For the Dones, what they miss most is the community — not the sermon, not the songs, not the organization, not the performance. They miss people.

Jacob’s story begins to hint at something that will become clear throughout this book. Namely, community is so important that it’s often the only thing our respondents miss when they leave, and it’s the first thing they seek to re-create outside of the church (38).

Moving as they are toward some resolutions, they make this point: that community isn’t accidental. It must be a priority:

Jaden’s comments echo those of many of our respondents: Community could be found in big churches and small churches, but it never happened accidentally. Community must be worked at, nurtured, and nourished. Its a misconception to think that community naturally occurs when people get together often enough or that community occurs when people who agree with each other come together. Community happens when people share life together, when they see each other repeatedly and share experiences. These commonalities lead to a feeling that people can be counted on and to a shared sense of reality and values (40).

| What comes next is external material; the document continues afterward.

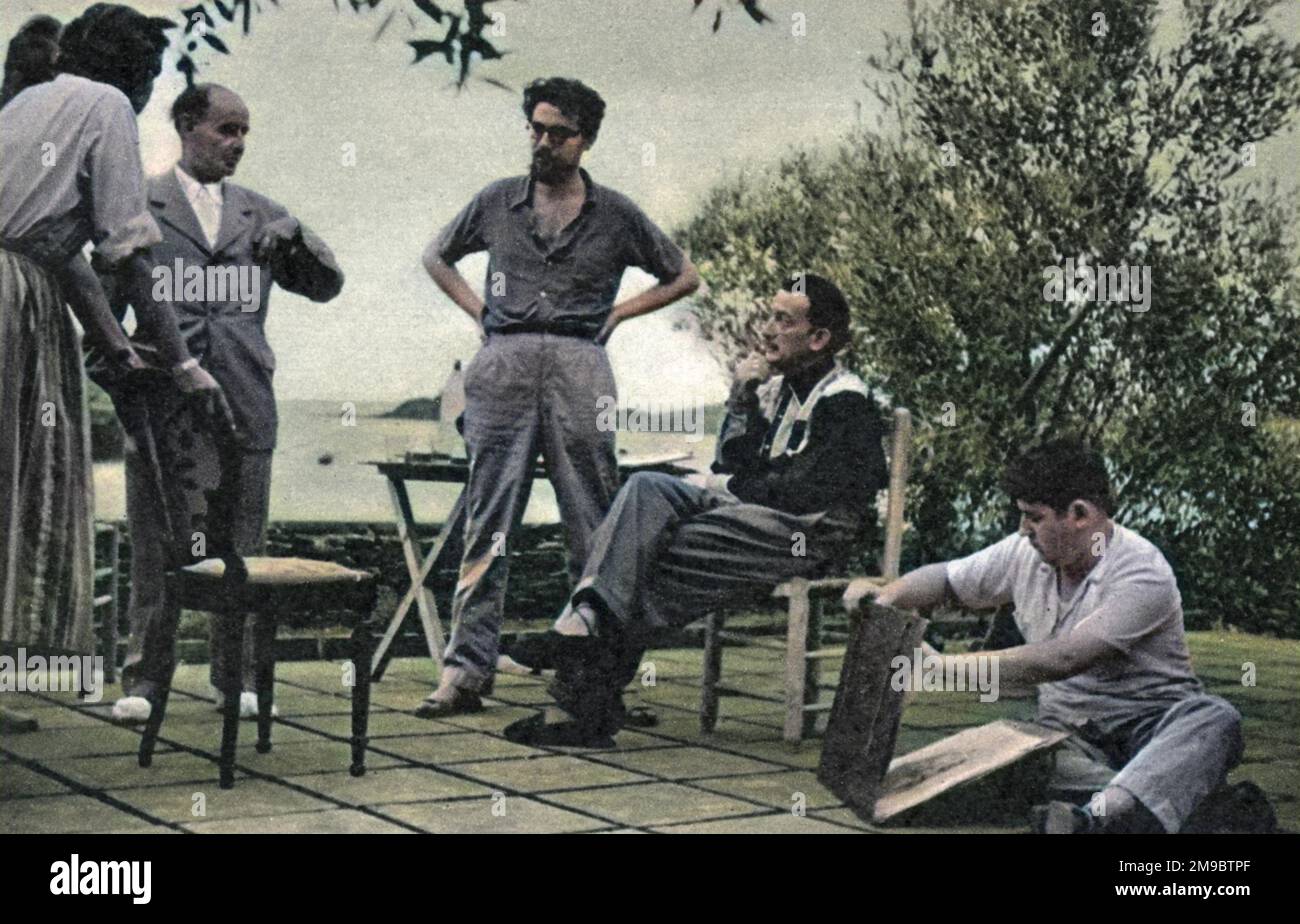 Salvador Dali (1904 - 1989), der surrealistische Künstler, wird abends nach einem Arbeitstag in seinem Sommerhaus in Port Lligat am Fuße der spanischen Pyrenäen gezeigt. Auf der linken Seite steht der katalanische Schriftsteller J. V. Foix. Auf der rechten Seite bereitet sich einer der jungen Schüler des Meisters darauf vor, seine Arbeit zu zeigen. Stockfoto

So, this is important: the Dones believe in community and have experienced community and they have sensed it collapse because of judgmentalisms.

People who feel judged generally become defensive and withdraw from a group, but usually only after a period of gradual disengagement and resistance (41).

Judgment inherently lacks many of the religious elements our respondents hold as a core part of their belief system. Forgiveness, grace, humility, and love are absent in the moment of judgment, and those are the theological tenets held most closely by our respondents (43).

Judgment can be both implicit and explicit:

By far the most pervasive type of judgment our respondents described was felt or perceived rather than overtly expressed (44).

Our respondents also encountered expressed judgment when people in the church encouraged them to change their behaviors or beliefs. These expressed judgments were often couched in biblical terms. This kind of judgment was often the domain of religious professionals who, no doubt, thought they were acting in the best interests of their congregants (45).

They are not looking for unconditional affirmations for each and everything and everyone.

What they really wanted was a shared understanding that we’re all broken and in need of forgiveness and grace (46).

The authors head off a problem quickly:

This distaste for judgment raises important sociological and religious questions. Have we become so narcissistic as a society that we only want to be around people who affirm everything we do? What are our religious leaders there for if not to hold us accountable to a belief system we’ve already professed faith in? (47)

After church, what about community for the Dones? Read this:

When I pressed her to explain, she said she was looking for people who were loving, accepting, and forgiving, and that she was able to find those qualities in people who weren’t churchgoers more easily than she found them in church (48).

They do this as Christians, however:

This sentiment sums up the community life of most of our respondents after leaving the church. Very few of them disavowed Christianity. At the same time, very few of them held on to any explicitly Christian communities. When the Dones pursue community, they often do so with their Christian identify firmly intact, but not with the people who attend their old churches. They are done with church, but not with God (49).

What can we do? What can be done to head this problem before it turns into The Dones?

In order to keep people from leaving the church and to reengage those who have left, churches must do a much better job of affirming people while also going out of their way to explain, in word and action, that they aren’t judging them (51).